Start of The records

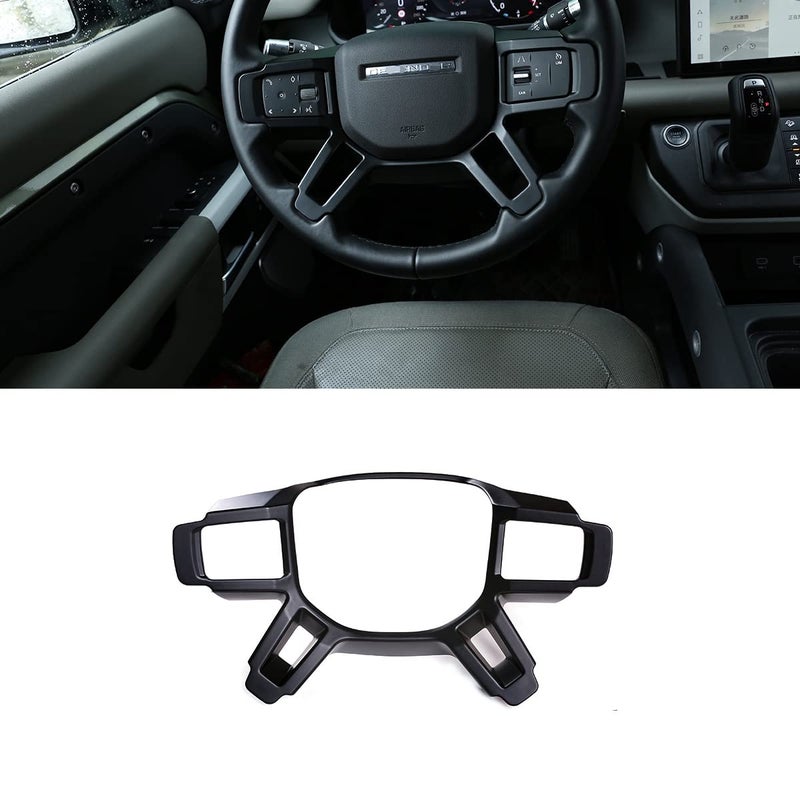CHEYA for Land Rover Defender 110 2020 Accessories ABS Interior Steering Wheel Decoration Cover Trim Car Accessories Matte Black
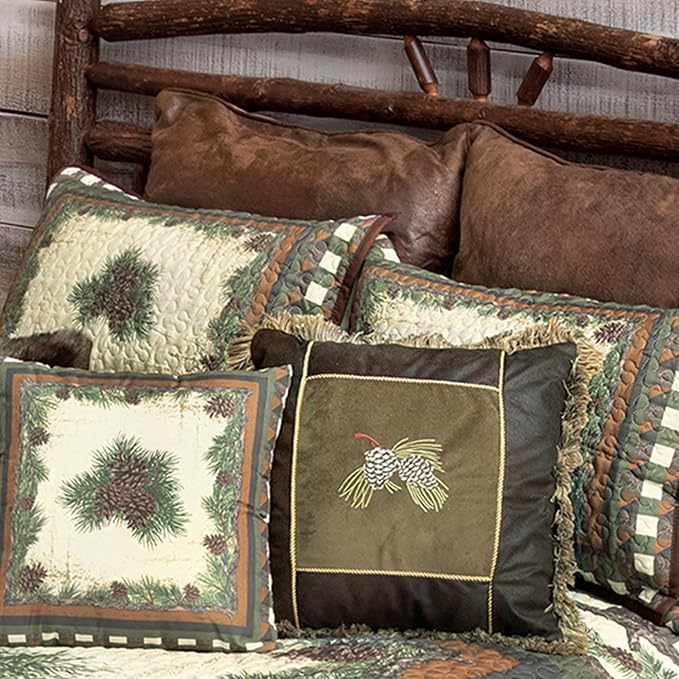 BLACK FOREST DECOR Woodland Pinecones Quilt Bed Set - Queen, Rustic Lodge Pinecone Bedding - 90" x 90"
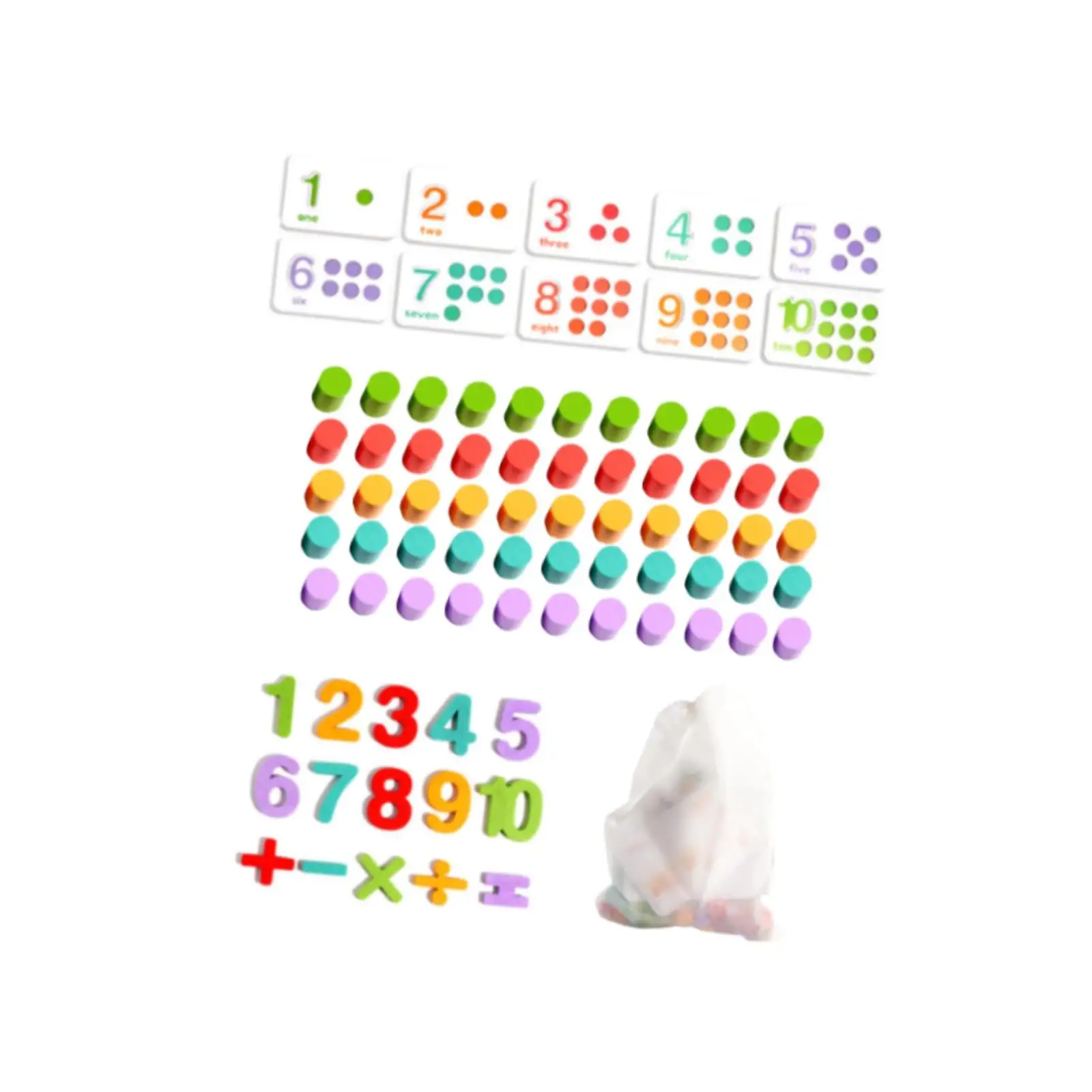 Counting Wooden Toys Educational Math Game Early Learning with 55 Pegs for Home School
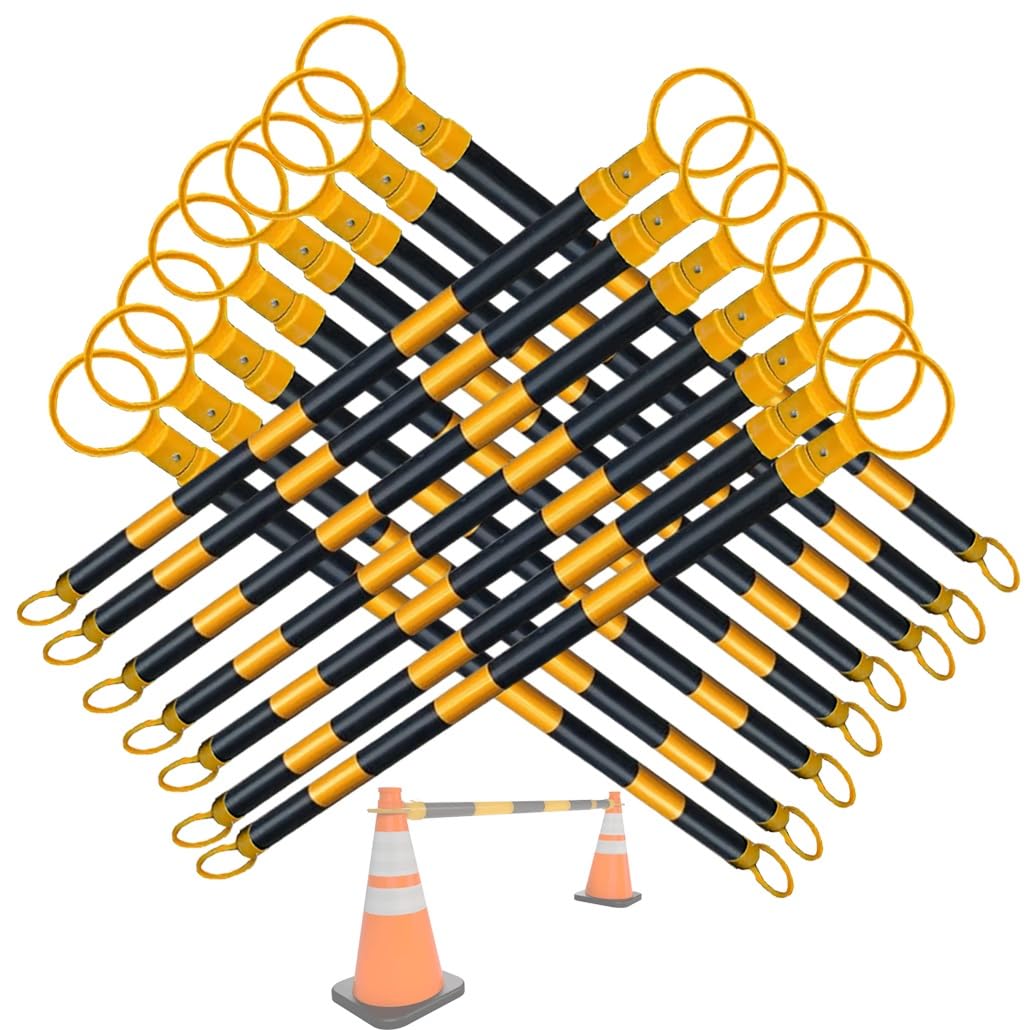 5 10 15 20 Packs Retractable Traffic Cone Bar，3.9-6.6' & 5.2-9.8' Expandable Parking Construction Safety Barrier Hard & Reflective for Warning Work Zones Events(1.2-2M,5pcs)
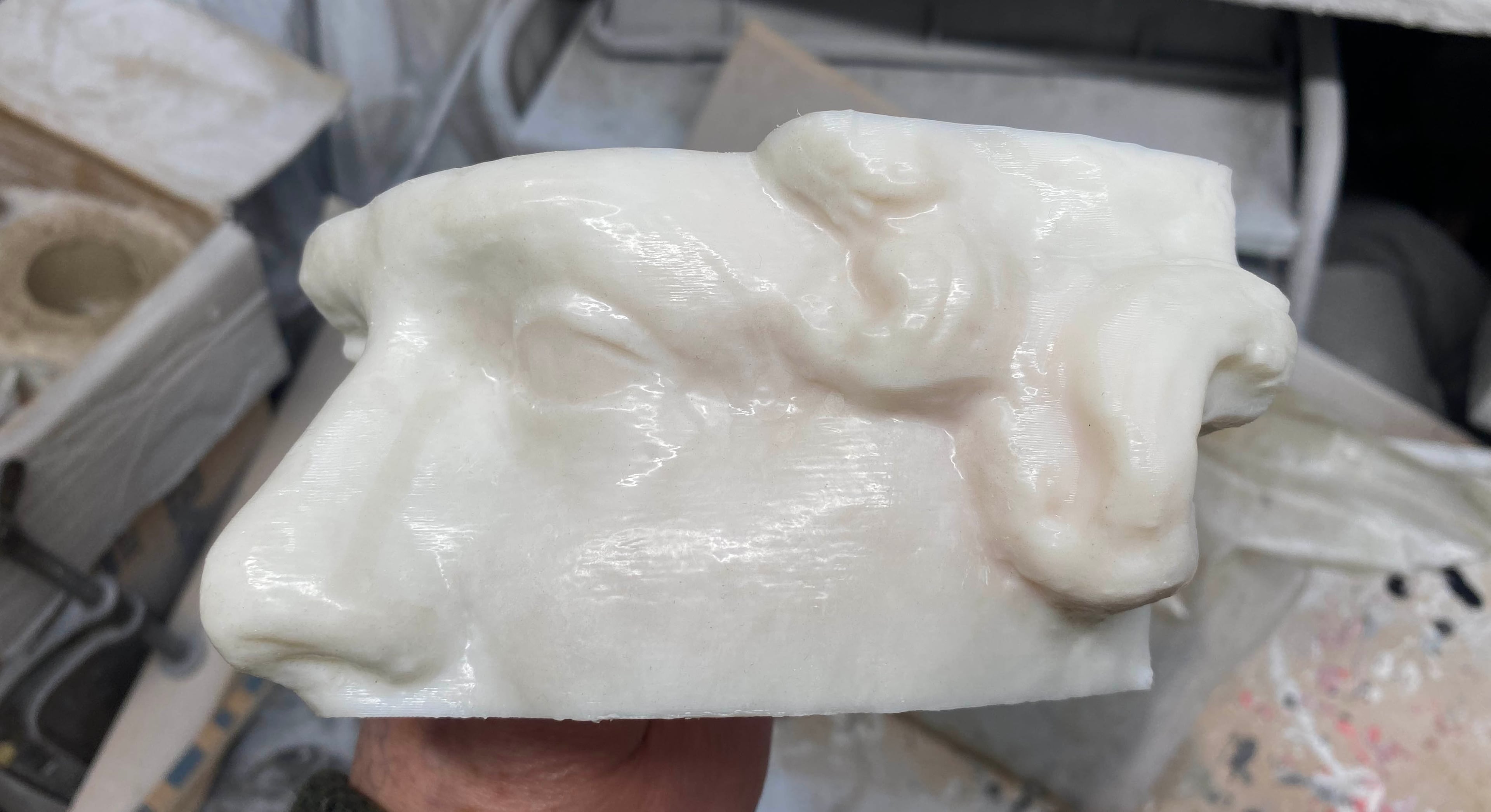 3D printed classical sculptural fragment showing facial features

End of The records

Problem details => For this exercise, retype the listing above word for word and omit the pictures.

Solution below =>
CHEYA for Land Rover Defender 110 2020 Accessories ABS Interior Steering Wheel Decoration Cover Trim Car Accessories Matte Black
 BLACK FOREST DECOR Woodland Pinecones Quilt Bed Set - Queen, Rustic Lodge Pinecone Bedding - 90" x 90"
 Counting Wooden Toys Educational Math Game Early Learning with 55 Pegs for Home School
 5 10 15 20 Packs Retractable Traffic Cone Bar，3.9-6.6' & 5.2-9.8' Expandable Parking Construction Safety Barrier Hard & Reflective for Warning Work Zones Events(1.2-2M,5pcs)
 3D printed classical sculptural fragment showing facial features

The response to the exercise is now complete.